There are permits to be obtained from the county, buried pipes to identify, steel plates to cover up trenches dug in roads, 120,000 gallons of oil to bring in from Baltimore and drawings to complete. There's a complaint from one (but only one, she notes) of the 50 homeowners along the transmission line's path, and a delay in the arrival of some equipment, which was vandalized in another state. There are trees to trim and some reminders about safety: A week earlier, a subcontractor with a backhoe hit an existing electrical line and briefly sent flames roaring into the air.

The team Sullivan is coordinating on this chilly fall morning is made up entirely of men, and most of them are roughly twice her age -- like amiable special projects manager Walter "Skip" Newcomb, engineer Roger Cheek and veteran field technician Harry "Tex" Ritter, a tattoo visible on his neck.

But for Sullivan, this is easy compared with surviving the push-ups, the taunts of upperclassmen and the disciplinary "rat line" that she endured at Virginia Military Institute as a member of the first class with women in the school's 157-year history.

"When I realized that they had given me this project [at Pepco], I was a little afraid that I was going to encounter some folks who were a little hostile," Sullivan says, worried more because of her youth than her sex. But her rapport with them is easy, and she seems to command their respect.

"She's good at relating to people like me down here," Ritter says, "and then she can go downtown and sit at the wooden table."

Downtown at the wooden tables is where this project was hatched. A combination of growth in the heart of the District and the potential loss of a key generating station in Virginia led to the decision to add a new transmission line. If something happened to the existing line, Pepco might not have the backup needed to power downtown, including parts of the federal government.

So the company is trying to build this new 69-kilovolt transmission line in just 18 months, less than half the time it would normally take for such a project. That means designing and building at the same time. Most of the route runs under existing power lines on land where Pepco already has the right of way; a relatively small section runs through some private yards, and other parts run under national park land and into the Blue Plains sewage treatment plant. "This gives us another avenue for bringing power into the D.C. area," Sullivan says.

It is the sort of project that may be launched more often in the years ahead. According to the North American Electric Reliability Council, U.S. demand for electricity is expected to increase by 19 percent over the next 10 years, but the expansion planned in that time would increase total transmission miles less than 7 percent. "Without expanded transmission system investment, grid congestion will increase, making it more difficult for available supply to meet demands," the council said in a report issued Oct. 16. "In some situations, this can lead to supply shortages and involuntary customer interruption."
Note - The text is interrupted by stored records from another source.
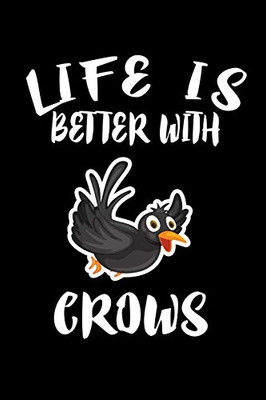 Life Is Better With Crows: Animal Nature Collection - 9781086220506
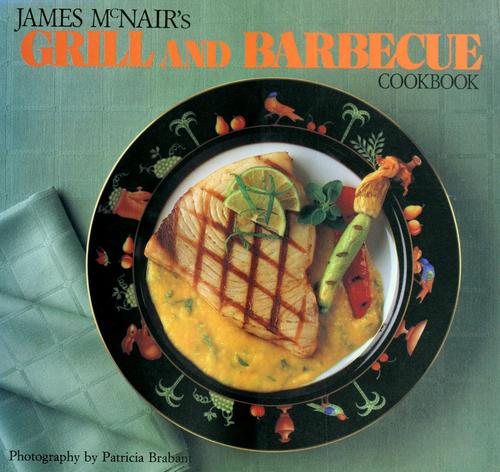 James McNair's Grill and Barbecue Cookbook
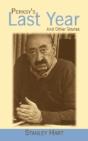 Perksy'S Last Year: And Other Stories - Preview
In the Washington region, as in much of the United States, a significant portion of the electrical power infrastructure needs upgrading. "The infrastructure in and around the nation is over 30 or 40 years old," Sullivan says. Moreover, as much as two-thirds of the electricity generated by power plants is lost along transmission lines; some cable-making companies are trying to develop lines that would be more efficient.

While the relatively modest-size line Sullivan is working on is expected to cost $70 million, Pepco wants to build within the next five to 10 years a $1.2 billion, 230-mile, 500-kilovolt transmission line that would run from northern Virginia to New Jersey. It is one of three major transmission lines that have been proposed in the past year for the mid-Atlantic and Appalachian region.

That could mean a lot of change in an industry that is not known for innovation, and that would mean that companies such as Pepco will need more creative and energetic up-and-coming middle managers like Kelly Sullivan.

For Sullivan, sitting in a trailer in Prince George's County, working out the finer points of manholes and buried power lines is the latest stop in a journey that started on a cattle farm in Georgia, 15 miles from the nearest town. Sullivan started taking flying lessons when she was 11. She came by her interest in flying naturally: Her father, a former Navy aviator, worked for Eastern Airlines and, after the strike there, for United Airlines.

He moved to Colorado, and Sullivan, her older sister and her mother had to take care of 75 head of Black Angus beef cattle. That meant that before and after school, where she played three varsity sports, Sullivan helped tend the herd.

In her senior year, after checking off a box on her SAT indicating interest in military colleges, she received an application in the mail from VMI. She filled it out but did not expect to go there. No woman had ever been accepted, and she had her sights on the Naval Academy. But, she says, she wanted the discipline of a military school, and VMI offered her an athletic scholarship, for track and field. Of 30 women who enrolled that groundbreaking year, only 14 graduated with the class in 2001. Sullivan was one. (Two others finished later.)

As it happened, her toughest challenges weren't physical. Her mother died in an auto accident during her freshman year; her 34-year-old hammer-throw coach died the next year of a hereditary heart ailment. "VMI doesn't let you stop to think about it," she says.

After graduation, she took some time off and a couple of years later found herself going to a VMI alumni event in Atlanta. She met people, she talked, and in a week she had 60 e-mails with job offers, job advice or requests for her résumé.

She had originally planned to become a Navy flier and later a commercial pilot, but United had forced her father into early retirement and he suggested that she put her mechanical engineering degree to use. A VMI alum at Pepco, Michael W. Maxwell, vice president for safety, security and preparedness, helped persuade her to come there.

He put her to work on emergency preparedness, then, after last year's hurricanes, sent her to coordinate logistics for Pepco crews that went to help restore power in Mississippi. "If there's something wrong, she holds herself accountable -- more than most folks at Pepco, I hate to say," Maxwell says. "The utility industry is known for being stodgy." That's not a word that Sullivan brings to mind. "By giving her opportunities like this, we have a chance to develop her skills and get her to stay," Maxwell says.

Sullivan says Pepco has given her opportunities she wouldn't have had elsewhere. Besides, she says, "I'd rather be out in the dirt than in the office. That's what happens when you grow up on a cattle farm." She likes climbing into the concrete manhole blocks, scouting sites where boreholes are being drilled, soothing homeowners or helping to spot a crane that has to steer clear of overhead power lines while lowering a 68,000-pound manhole box into the ground.

But being a woman has its requirements: Outside the trailer on the staging ground, she has her own portable toilet with a lock on it. Ritter calls it "the princess potty."

Sullivan, who teaches kickboxing at a local YMCA after work, says she's been accepted. "Be yourself and give 110 percent, and if you do that, you're going to earn people's respect." She says she's not afraid to ask questions and doesn't pretend to have the expertise that others have acquired over 30 years or more. "These guys have vast knowledge and they are willing to share it," she says.

At the same time, she's demanding. At the trailer meeting last week, a subcontractor hadn't figured out what was once inside an old pipe that needs to be moved; Sullivan insists that they find out before breaking into it. When discussing when another contractor might deliver a drawing needed to lay some cable that's arriving in January, she says: "Let's give them a date. If we wait, then it could be until next June."

At one point the conversation paused, and Jim Slayton asked whether there are any "issues, complaints, compliments?"

"No complaints," Sullivan says.

"No compliments," says another person at the table.

"That just leaves issues," Sullivan says. And the meeting continues.